I'm not really seeing how this solves the problem. .onItem().applyAsync() is still a way too verbose and messy-lookin' way to chain Unis. So I'm going to have to keep using flatMap() for this.

I can't even see how the term "async" crept in there. Why would you not have called it applyUni() which is shorter and uses words that are already part of your API vocabulary instead of introducing a new term?

In summary I don't see how these proposed changes solve the problem. I'm not even convinced that it's an improvement on the status quo.

[cescoffier]

@gavinking yes, it's verbose, but the flatten approach is terrible. I ended up with 380 methods in Multi which is a no go. So, yes, there is still some work to do on the naming, and this PR is far from being finalized.

I tried with chain - it didn't work. For multi it does not work.

Alternatives are welcome.

[gavinking]

I ended up with 380 methods in Multi which is a no go.

Then let's discuss it. The rest of us don't even have a clear idea of the requirements and design constraints unless you write them down.

I tried with chain - it didn't work. For multi it does not work.

But as I understand it (I may not), the current PR uses generate() for Multi. So what was wrong with chain() + generate().

[cescoffier]

I ended up with 380 methods in Multi which is a no go.

Then let's discuss it. The rest of us don't even have a clear idea of the requirements and design constraints unless you write them down.

Definitely.

One of the main ideas of Mutiny is to avoid the flat design we are seeing in other libraries which leads to "let's use the IDE completion to pick the right operator without understanding it". That's what produced this idea of onX groups and limit the size of the API. That's why I would like to limit the number of methods in the main classes. I don't have a strict magic number, but I would prefer 30-50 to 100+.

I'm ok with having shortcuts. We already have some (map, flatMap, concatMap). As illustrated in the other PR (#169), adding a peek like operation is on its way (just a naming thing ;-)). Where I don't believe it's good is to flatten everything. Shortcuts should be motivated.

I tried with chain - it didn't work. For multi it does not work.
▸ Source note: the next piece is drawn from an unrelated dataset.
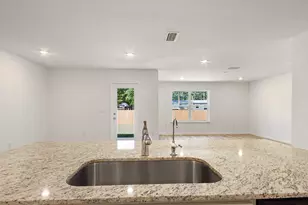 213 Dockside Rd, Freeport, FL 32439 - Photo 6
But as I understand it (I may not), the current PR uses generate() for Multi. So what was wrong with chain() + generate().

Let's try to summarize.
You receive an item from a Uni. What can you do (with the current method and the proposed method):

• invoke a callback that does not modify the item (invoke)
• invoke a callback executing an async action but once done, continue with the original item.
• modify the item (apply)
• produce a Uni (produceUni -> applyAsync )
• produce a Multi (produceMulti -> stream (was generate ))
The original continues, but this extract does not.